Leur retour s'était fait dans la joie. La chasse n'avait pas été aussi fructueuse qu'anticipée, mais le bonheur d'être ensemble tout ce temps les avait illuminés. Une seule ombre au tableau cependant. En effet mon père nous raconta qu'il était arrêté prendre un café avec maman dans un petit restaurant de Disraeli, petit village pas très loin de Saint-Georges. Il insista pour dire que le propriétaire était vraiment sympathique et que la conversation n'avait vraiment pas chômé. Ils avaient ensuite quitté les lieux après moult poignées de main et force salutations.

Ce n'est que rendu dans le parc des Laurentides que mon père se rendit soudainement compte qu'il avait oublié de payer les deux cafés à 25 cents chacun au restaurateur. Attristé il nous en fit part à son arrivée à la maison et il fit alors la promesse de retourner un jour régler sa dette.

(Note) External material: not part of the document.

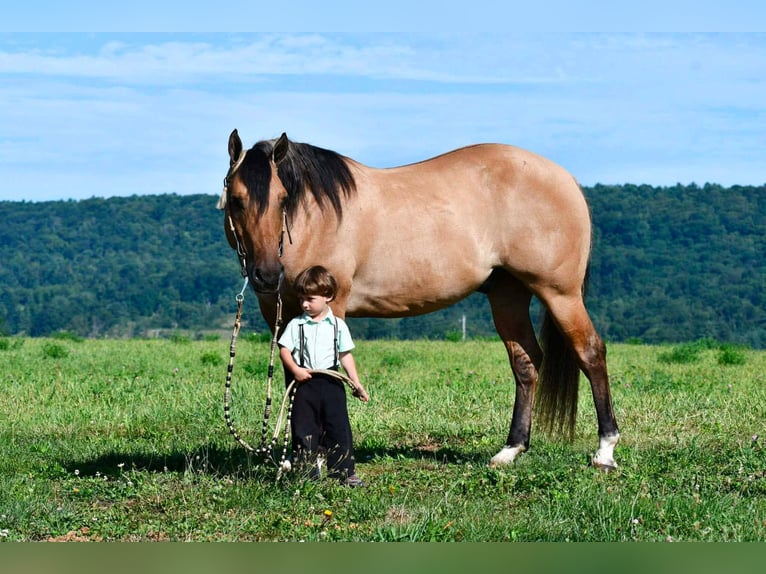 American Quarter Horse Castrone 10 Anni 152 cm Pelle di daino in Rebersburg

Une dizaine d'années plus tard, alors que son travail l'avait amené en Estrie, il s'était rendu à Disraëli, avait retrouvé le petit resto, mais l'ancien propriétaire avait vendu à quelqu'un d'autre qui, évidemment n'avait plus cette facture en souffrance, si tant est qu'il y en eut déjà une de faite. Mon père s'en était vraiment désolé. Son honnêteté fondamentale nous avait par ailleurs tous profondément touchés. Il m'est arrivé quelque chose de similaire lors de la dernière campagne de financement du journal et sans doute ce vieux souvenir a-t-il pesé dans mon attitude. La campagne d'octobre s'était particulièrement bien déroulée malgré la pluie; nos bénévoles, tous rentrés, s'étaient lancés dans l'opération tourtière et dessert puis s'en étaient allés, fiers du devoir accompli.

Nous, de l'équipe de La Vie d'Ici, faisions un premier comptage de l'argent ramassé. Ouvrir les enveloppes, démêler l'argent-papier, puis la monnaie, elle-même montée en piles et finalement faire les calculs, s'est fait avec le plus grand sérieux. Dans mon cas un incident mineur s'est produit quand mon bras, par inadvertance, a fauché une couple de piles de 10 cents qui ont pris le bord. Certaines pièces sont restées sur la table, d'autres sont tombées par terre et ont roulé dans toutes les directions. Misère! Évidemment je me suis empressé de tout ramasser et rempiler. Après avoir remis l'argent et notre décompte au trésorier, notre tâche s'arrêtait là. C'était une grosse journée. Rendu à la maison je me déchausse et bizarrement il y a une pièce de 10 cent dans mon espadrille. D'abord surpris, j'ai vite compris qu'il s'agissait certainement d'un des dix cents tombés par terre plus tôt lors du dépouillement des enveloppes. Me rappelant alors l'histoire des deux cafés de mon père, je me suis fait un devoir de remettre la petite pièce à Alain Denis, notre trésorier, qui n'a pas manqué d'esquisser un sourire. Une histoire qui finit bien.